De qualquer maneira estaríamos diante de uma fragmentação relativista das representações de estados de coisas; e estaríamos diante da ausência de uma instância que pudesse ajuizar e determinar qual representação é a verdadeira, qual é a enganosa e qual é a mentirosa, sem o uso da mentira ou da violência (basta ler as primeiras páginas do texto de Michel Foucault, “Em defesa da Sociedade” para chegarmos a este veredito). A solução não é a escolha consensual de uma instância de ajuizamento e arbítrio da verdade, pois o consenso exige um lugar de verdade reconhecido por todos. Não vivemos um tempo de consenso, mas de dissenso maniqueísta proliferado por uma política niilista.
Temos, aqui, de dar um passo para trás e dizer: o homem medida de todas as coisas não é medida de coisa alguma, isto é, nada pode ser medido pelo homem, pois o próprio homem não é medida para si mesmo. Ainda mais: aqui se pode dizer que a ausência de medida é a medida de uma ausência. O homem já não é.
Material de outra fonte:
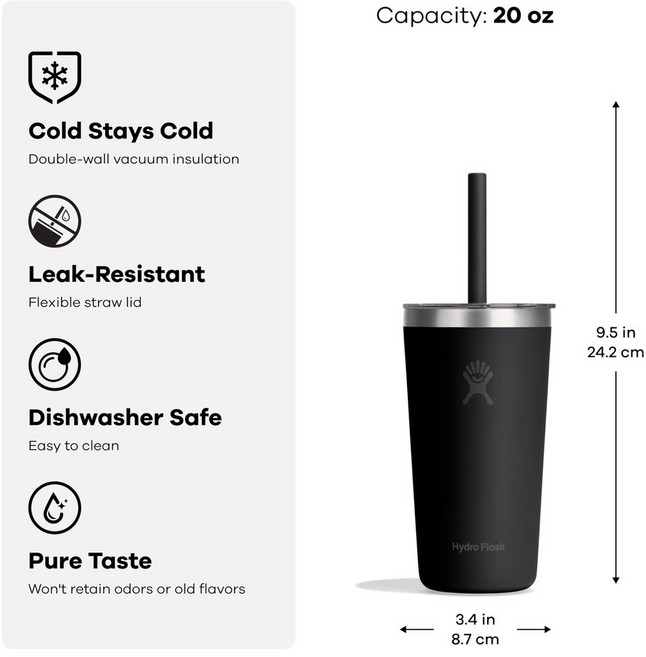 Hydro Flask 올어라운드 텀블러 클리어 스트로 리드 20온스 블랙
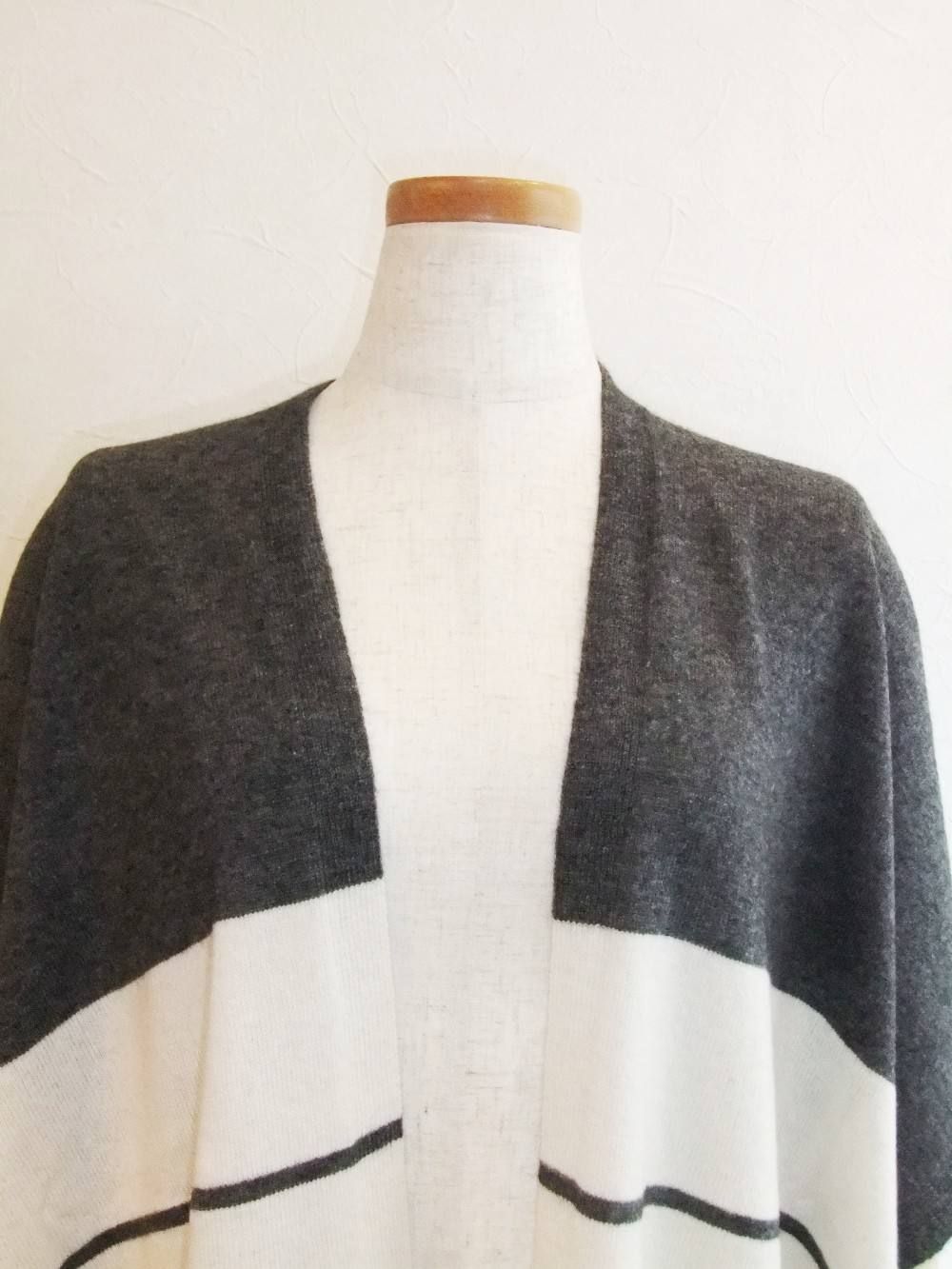 CASHMERE INTARSIA PONCHO(BE)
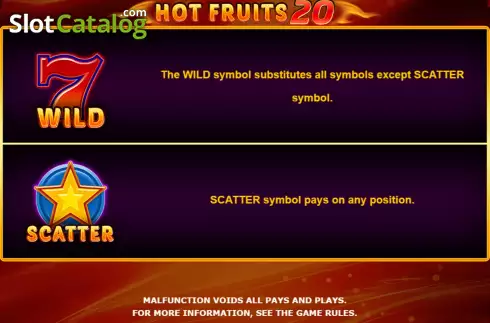 PayTable Screen 3. Hot Fruits 20 slot
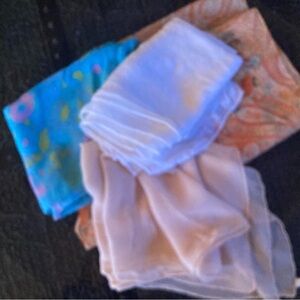 Lot of Vintage silk, viscose scarfs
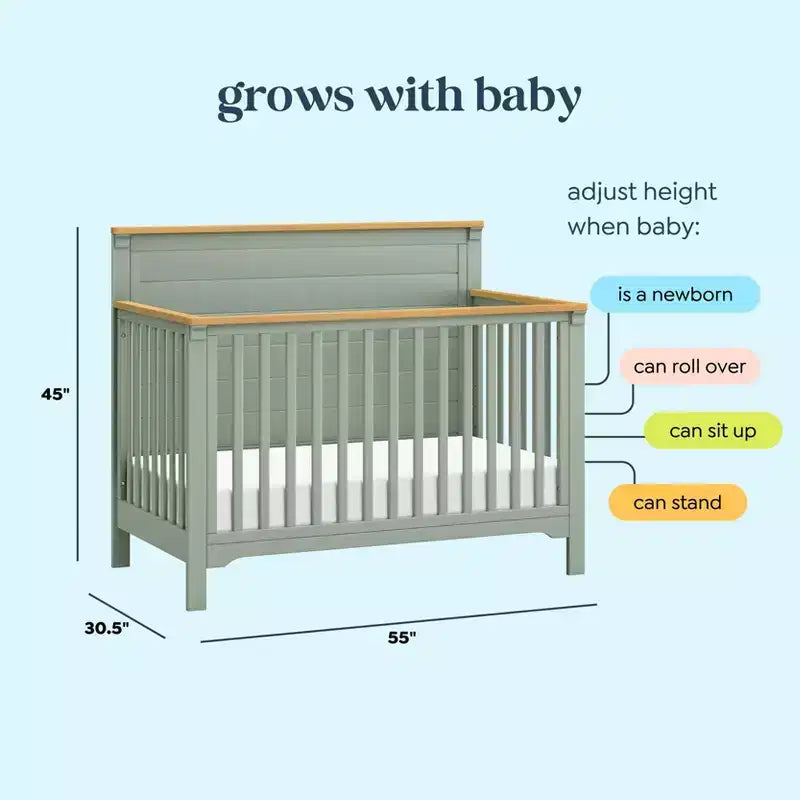 Culla trasformabile 4-in-1 – Blu Baia e Miele / Salvia Chiaro e Miele / Bianco Caldo e Miele, 1 bambino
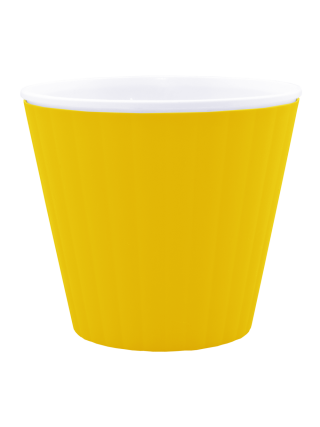 Вазон "Ібіс" з подвійним дном 17,9*14,7 см. (темно-жовтий-білий)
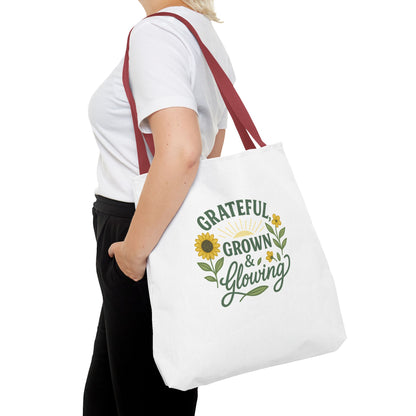Grateful & Growing Tote Bag, Inspirational Gift, Eco-Friendly Shopper, Floral Design, Sunflower Tote, Everyday Use, Life's Little Joys
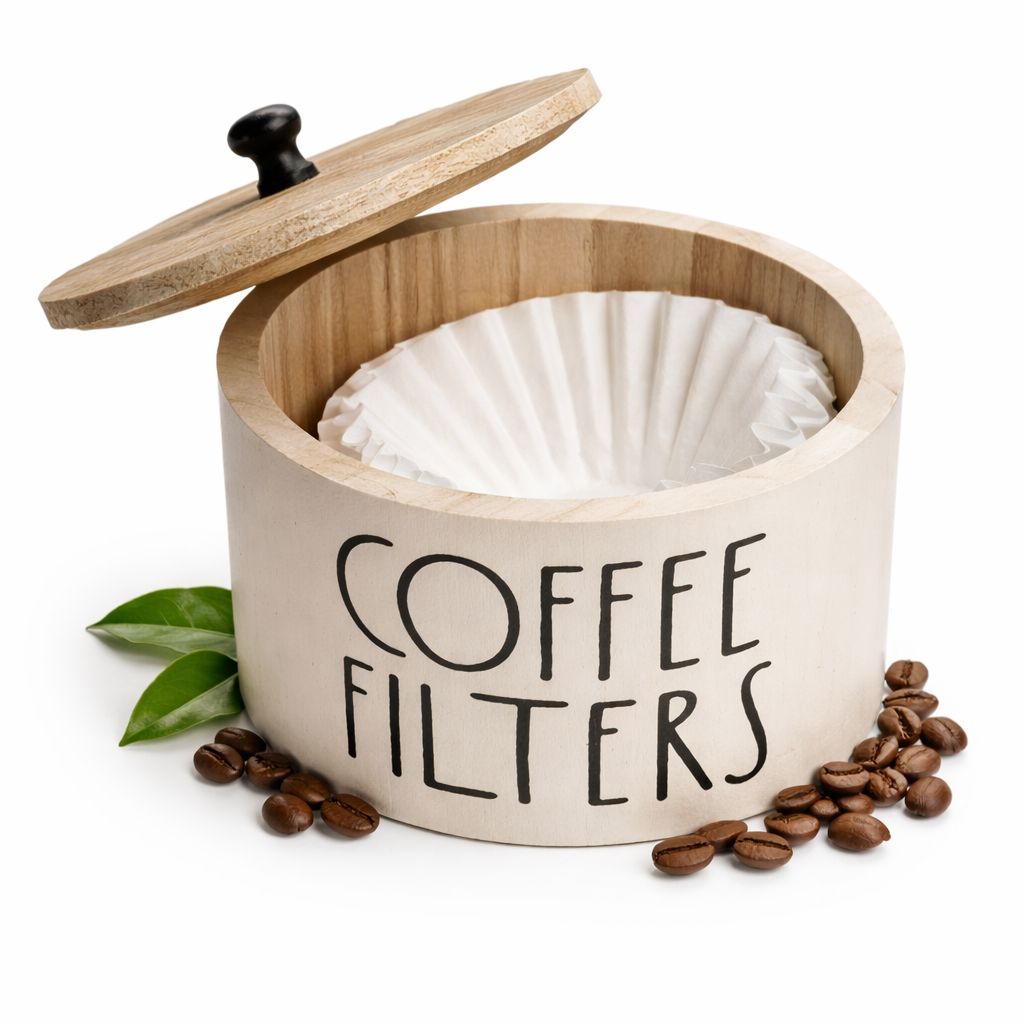 Soporte Almacenar Filtro Papel Cafe Origami Madera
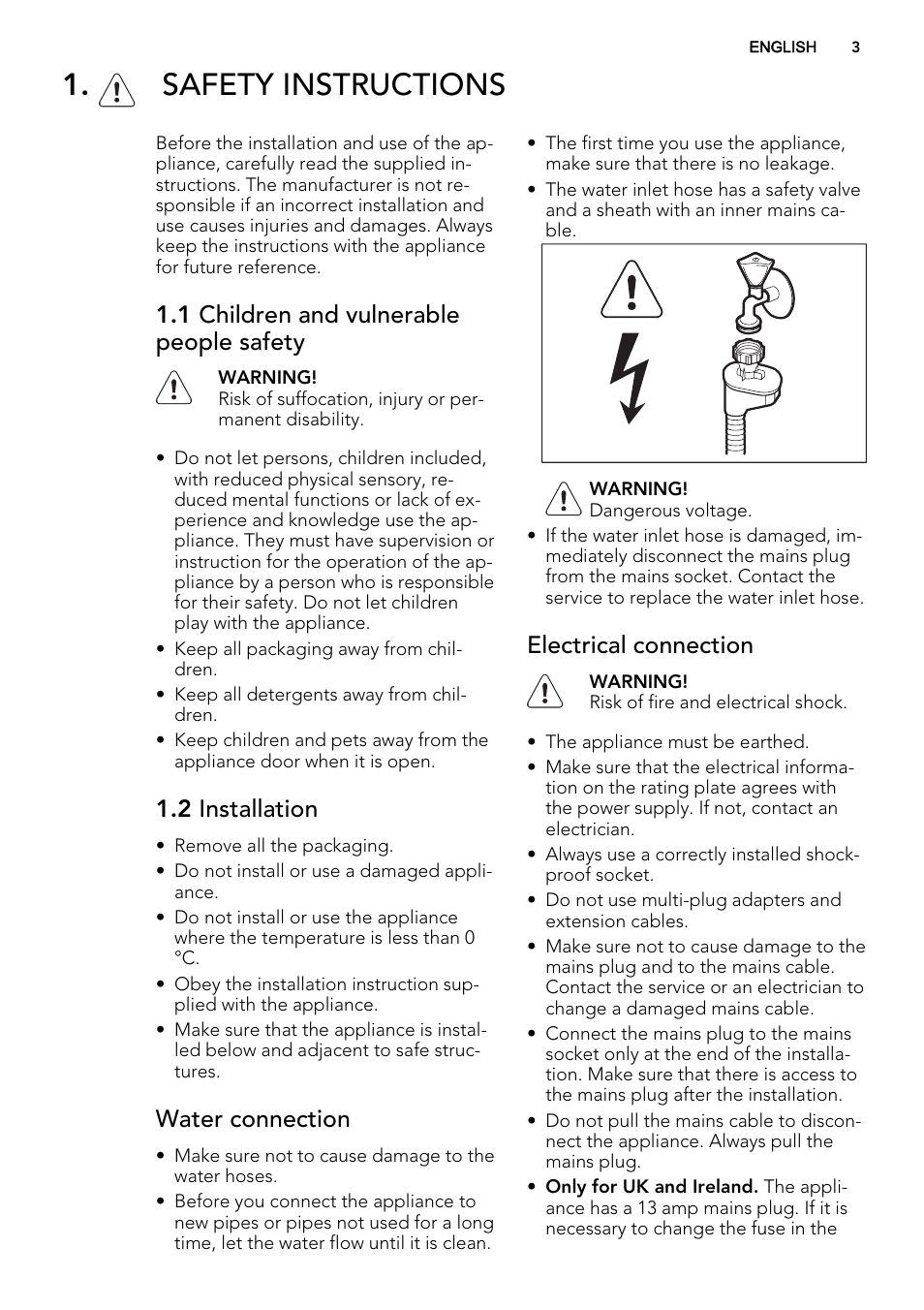 Safety instructions, 1 children and vulnerable people safety, 2 installation | Water connection, Electrical connection | AEG F55002VI0P User Manual | Page 3 / 20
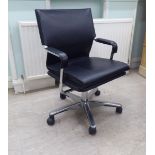 A modern black hide office chair, on a chromium finished swivel base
Uma medida é algo que se fixa e passa a medir, enquanto o homem é transitivo. Hoje mede uma coisa com certa medida, amanhã sua medida é desmedida.
Juntamente com a desmedida, a ausência de medida, foi-se o homem e com ele a verdade. Toda narrativa que reclama uma verdade que se possa contrapor à mentira, mente ao não declarar que no interior recôndito desta justificativa se esconde a pretensão de um poder maquiavélico de dominação. A verdade, hoje, é o slogan (grito de guerra) que remete à arregimentação de certos ânimos de enfrentamento do contraditório a fim e eliminar seu proponente.
O homem, o verdadeiro humano é aquele que ao ouvir o slogan reduplica-o e lança-se freneticamente contra o falso que é a mentira. O verdadeiro humano, medida de todas as coisas, que realiza o mando do slogan de permitir viver-fazer morrer, reage insanamente ao estímulo da aristocracia que ainda vive como os grupos guerreiros lutando para impor suas verdades, procriar-se, expandir-se.